Initially I thought that I could call mtrr_save_fixed_ranges() in the window between acpi_enable() and the init of the APs, but it would be better if do a 

    smp_call_function_single(0, mtrr_save_fixed_ranges, NULL, 1, 1);

in mtrr_ap_init, which works, but it triggers a WARN_ON smp_call_function_single() is called with interrupts disabled because it could deadlock then, so I will probably better lookup the places where the APs are signaled to boot and call mtrr_save_fixed_ranges() there.
Comment 35 Joachim Deguara 2007-02-25 21:58:12 UTC
the same problem, premature shutdown when suspending to disk, happens on the Ferrari 5000 also, but the patch from comment #34 fixes it.  Tested on openSUSE 10.2 with 2.6.21-rc1-git1 kernel.
Comment 36 Bernhard Kaindl 2007-02-26 17:48:11 UTC
Created attachment 121120 [details]
updated fix which works on arch/i386 as well, should be ready for submission, just one minor beautification missing

Attached updated fix which works on arch/i386 as well. It is ready for submission except for one detail which is only beauty(last change to be synced to x86_64) in detail and needs to be tested to work in uniprocessor kernel builds as well and does not break builds of the kernel without MTRR support.

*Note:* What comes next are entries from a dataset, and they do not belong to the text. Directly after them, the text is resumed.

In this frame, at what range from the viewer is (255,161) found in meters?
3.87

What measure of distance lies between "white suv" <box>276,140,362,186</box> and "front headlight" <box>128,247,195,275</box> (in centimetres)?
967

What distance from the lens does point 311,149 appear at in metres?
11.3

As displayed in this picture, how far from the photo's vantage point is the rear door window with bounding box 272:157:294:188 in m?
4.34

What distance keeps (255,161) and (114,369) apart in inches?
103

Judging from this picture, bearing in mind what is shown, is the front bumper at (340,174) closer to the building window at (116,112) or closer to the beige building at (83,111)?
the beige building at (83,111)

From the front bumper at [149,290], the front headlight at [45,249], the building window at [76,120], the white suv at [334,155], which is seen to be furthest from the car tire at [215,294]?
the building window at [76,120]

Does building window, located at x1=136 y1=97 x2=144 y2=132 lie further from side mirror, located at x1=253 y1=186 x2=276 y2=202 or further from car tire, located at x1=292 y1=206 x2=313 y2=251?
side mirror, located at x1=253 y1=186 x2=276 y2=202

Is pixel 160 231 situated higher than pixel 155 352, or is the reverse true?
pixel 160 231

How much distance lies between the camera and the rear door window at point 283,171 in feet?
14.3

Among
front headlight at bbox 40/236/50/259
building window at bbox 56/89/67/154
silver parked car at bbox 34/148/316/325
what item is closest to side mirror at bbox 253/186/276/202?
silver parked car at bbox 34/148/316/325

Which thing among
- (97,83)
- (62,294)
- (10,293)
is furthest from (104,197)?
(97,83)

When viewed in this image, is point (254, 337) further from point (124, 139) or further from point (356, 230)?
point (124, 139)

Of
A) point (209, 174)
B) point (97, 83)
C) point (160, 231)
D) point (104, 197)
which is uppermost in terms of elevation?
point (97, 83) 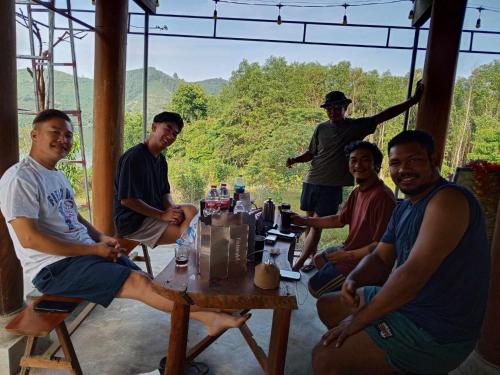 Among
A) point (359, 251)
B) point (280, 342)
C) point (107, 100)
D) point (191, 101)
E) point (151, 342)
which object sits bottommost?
point (151, 342)

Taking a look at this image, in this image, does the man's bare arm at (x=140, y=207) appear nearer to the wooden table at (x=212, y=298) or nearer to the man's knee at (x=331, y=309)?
the wooden table at (x=212, y=298)

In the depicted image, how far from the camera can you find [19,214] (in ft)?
5.66

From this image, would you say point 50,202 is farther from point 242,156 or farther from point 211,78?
point 211,78

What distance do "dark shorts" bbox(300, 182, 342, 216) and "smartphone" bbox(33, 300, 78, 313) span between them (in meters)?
2.65

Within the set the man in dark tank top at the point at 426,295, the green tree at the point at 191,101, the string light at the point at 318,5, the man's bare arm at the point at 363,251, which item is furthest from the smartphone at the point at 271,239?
the green tree at the point at 191,101

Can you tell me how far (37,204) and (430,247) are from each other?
185 cm

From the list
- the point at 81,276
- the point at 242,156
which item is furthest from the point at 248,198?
the point at 242,156

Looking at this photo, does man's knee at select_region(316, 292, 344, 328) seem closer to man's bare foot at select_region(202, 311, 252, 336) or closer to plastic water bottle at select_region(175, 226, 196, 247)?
man's bare foot at select_region(202, 311, 252, 336)

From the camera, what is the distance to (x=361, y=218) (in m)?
2.35

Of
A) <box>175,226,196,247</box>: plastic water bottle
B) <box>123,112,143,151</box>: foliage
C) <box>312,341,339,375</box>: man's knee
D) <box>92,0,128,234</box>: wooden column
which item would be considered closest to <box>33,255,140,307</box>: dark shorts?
<box>175,226,196,247</box>: plastic water bottle

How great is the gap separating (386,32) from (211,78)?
16.4ft

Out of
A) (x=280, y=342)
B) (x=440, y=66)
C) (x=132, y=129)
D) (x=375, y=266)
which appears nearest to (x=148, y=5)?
(x=440, y=66)

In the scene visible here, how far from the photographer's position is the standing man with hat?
358 cm

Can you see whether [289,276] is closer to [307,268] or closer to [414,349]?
[414,349] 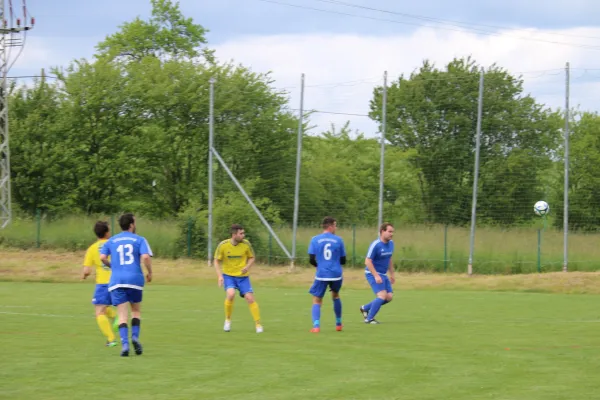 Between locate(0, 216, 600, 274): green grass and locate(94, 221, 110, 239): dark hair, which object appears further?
locate(0, 216, 600, 274): green grass

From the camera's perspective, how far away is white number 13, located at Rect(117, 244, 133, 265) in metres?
13.0

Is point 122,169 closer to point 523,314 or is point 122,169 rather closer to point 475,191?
point 475,191

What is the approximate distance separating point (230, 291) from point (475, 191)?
1907 centimetres

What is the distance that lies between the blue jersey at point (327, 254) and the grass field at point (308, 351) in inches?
38.5

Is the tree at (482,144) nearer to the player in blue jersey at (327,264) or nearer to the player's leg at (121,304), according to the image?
the player in blue jersey at (327,264)

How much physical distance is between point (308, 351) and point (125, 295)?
8.77 feet

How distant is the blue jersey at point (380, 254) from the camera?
56.8ft

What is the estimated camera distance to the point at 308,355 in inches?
500

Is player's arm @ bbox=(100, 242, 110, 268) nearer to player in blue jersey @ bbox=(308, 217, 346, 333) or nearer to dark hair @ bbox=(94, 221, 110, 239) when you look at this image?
dark hair @ bbox=(94, 221, 110, 239)

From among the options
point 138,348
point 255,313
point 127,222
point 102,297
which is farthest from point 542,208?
point 138,348

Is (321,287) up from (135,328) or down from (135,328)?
up

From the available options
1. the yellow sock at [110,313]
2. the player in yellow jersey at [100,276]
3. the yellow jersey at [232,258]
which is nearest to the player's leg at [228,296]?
the yellow jersey at [232,258]

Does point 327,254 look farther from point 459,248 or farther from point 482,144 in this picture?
point 482,144

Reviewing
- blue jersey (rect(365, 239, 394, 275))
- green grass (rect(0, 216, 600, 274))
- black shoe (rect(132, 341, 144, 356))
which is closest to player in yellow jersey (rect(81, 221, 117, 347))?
black shoe (rect(132, 341, 144, 356)) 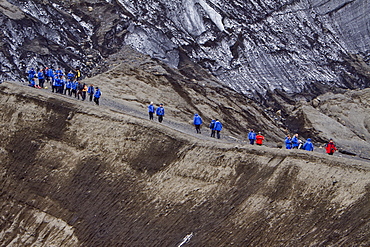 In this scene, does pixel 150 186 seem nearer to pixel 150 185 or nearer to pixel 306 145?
pixel 150 185

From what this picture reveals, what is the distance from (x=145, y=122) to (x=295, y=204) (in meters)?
9.44

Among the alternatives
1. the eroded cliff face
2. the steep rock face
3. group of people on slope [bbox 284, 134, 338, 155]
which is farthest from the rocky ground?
the steep rock face

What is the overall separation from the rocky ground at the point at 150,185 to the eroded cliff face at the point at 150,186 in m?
0.05

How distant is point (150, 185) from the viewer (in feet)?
82.6

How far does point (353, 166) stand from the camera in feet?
70.4

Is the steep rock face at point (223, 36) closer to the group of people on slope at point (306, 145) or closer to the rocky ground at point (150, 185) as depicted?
the rocky ground at point (150, 185)

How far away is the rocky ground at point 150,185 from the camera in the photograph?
20625mm

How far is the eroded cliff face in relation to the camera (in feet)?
67.6

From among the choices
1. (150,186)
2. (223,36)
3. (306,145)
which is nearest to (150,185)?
(150,186)

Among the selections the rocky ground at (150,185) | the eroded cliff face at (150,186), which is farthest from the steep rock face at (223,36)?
the eroded cliff face at (150,186)

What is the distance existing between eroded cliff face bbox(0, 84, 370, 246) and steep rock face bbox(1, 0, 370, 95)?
20316 millimetres

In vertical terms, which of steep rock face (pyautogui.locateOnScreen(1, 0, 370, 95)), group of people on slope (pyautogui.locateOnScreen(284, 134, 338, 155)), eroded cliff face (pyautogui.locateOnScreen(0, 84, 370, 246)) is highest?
steep rock face (pyautogui.locateOnScreen(1, 0, 370, 95))

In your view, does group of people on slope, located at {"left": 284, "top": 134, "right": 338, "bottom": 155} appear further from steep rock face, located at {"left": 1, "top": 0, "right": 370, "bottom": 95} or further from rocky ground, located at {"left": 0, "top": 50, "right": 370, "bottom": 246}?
steep rock face, located at {"left": 1, "top": 0, "right": 370, "bottom": 95}

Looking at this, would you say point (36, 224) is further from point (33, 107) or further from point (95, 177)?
point (33, 107) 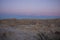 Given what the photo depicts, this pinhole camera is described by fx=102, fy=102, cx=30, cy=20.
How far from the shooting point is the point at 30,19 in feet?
6.80

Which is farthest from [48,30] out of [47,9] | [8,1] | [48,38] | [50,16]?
[8,1]

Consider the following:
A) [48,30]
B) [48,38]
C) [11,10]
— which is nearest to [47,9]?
[48,30]

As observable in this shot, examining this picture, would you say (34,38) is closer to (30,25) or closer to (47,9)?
(30,25)

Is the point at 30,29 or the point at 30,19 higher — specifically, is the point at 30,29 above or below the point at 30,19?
below

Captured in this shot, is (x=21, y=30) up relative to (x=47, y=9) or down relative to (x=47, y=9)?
down

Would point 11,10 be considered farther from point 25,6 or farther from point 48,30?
point 48,30

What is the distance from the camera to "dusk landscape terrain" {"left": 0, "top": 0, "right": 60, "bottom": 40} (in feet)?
6.65

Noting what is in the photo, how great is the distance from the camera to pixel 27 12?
6.82ft

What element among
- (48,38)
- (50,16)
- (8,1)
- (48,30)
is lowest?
(48,38)

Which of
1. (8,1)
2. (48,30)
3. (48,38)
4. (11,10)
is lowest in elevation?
(48,38)

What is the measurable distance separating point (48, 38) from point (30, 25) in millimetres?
441

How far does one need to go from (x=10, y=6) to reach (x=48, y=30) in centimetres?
91

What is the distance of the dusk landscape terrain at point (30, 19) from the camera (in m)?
2.03

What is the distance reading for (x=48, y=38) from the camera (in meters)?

With this patch, I verified that the same issue is also there in legacy mode, and verified that it is fixed with the same change.
Comment 37 Bernhard Kaindl 2007-02-27 17:12:22 UTC
Created attachment 121351 [details]
updated patch for review, possibly mtrr_save_state() could be moved to an x86-generic location, but that's the only thing left for now and this can be discussed on linux-kernel on submission

I tested this patch now on x86_64, works fine and fixes also the PCIE issue which we initially saw on this bug.
Comment 38 Bernhard Kaindl 2007-02-28 17:41:22 UTC
Created attachment 121632 [details]
Program for reading the fixed-range MTRR values man 

Test program for reading current fixed-range MTRR values, enable CONFIG_X86_MSR and load msr.ko.

Assumes that msr.ko device files are created as /dev/cpu/<#CPU>/msr by udev (default)

Example output from broken system (each 64-bit column is from one CPU):

MSR 0x250: 1e1e1e1e1e1e1e1e | 0606060606060606
MSR 0x258: 1e1e1e1e1e1e1e1e | 0606060606060606
MSR 0x259: 0000000000000000 | 0000000000000000
MSR 0x268: 1515151515151515 | 0505050505050505
MSR 0x269: 1515151515151515 | 0505050505050505
MSR 0x26a: 0000000000000000 | 0000000000000000
MSR 0x26b: 0000000000000000 | 0000000000000000
MSR 0x26c: 1515151500000000 | 0505050500000000
MSR 0x26d: 1515151515151515 | 0505050505050505
MSR 0x26e: 1515151515151515 | 0505050505050505
MSR 0x26f: 1515151515151515 | 0505050505050505

In fixed setup, the register dump blocks from all CPUs are identical and do not change e.g. after resume from disk.
Comment 40 Thomas Renninger 2008-08-29 09:39:03 UTC
AFAIK Bernd got this resolved mainline and did forget to close the bug.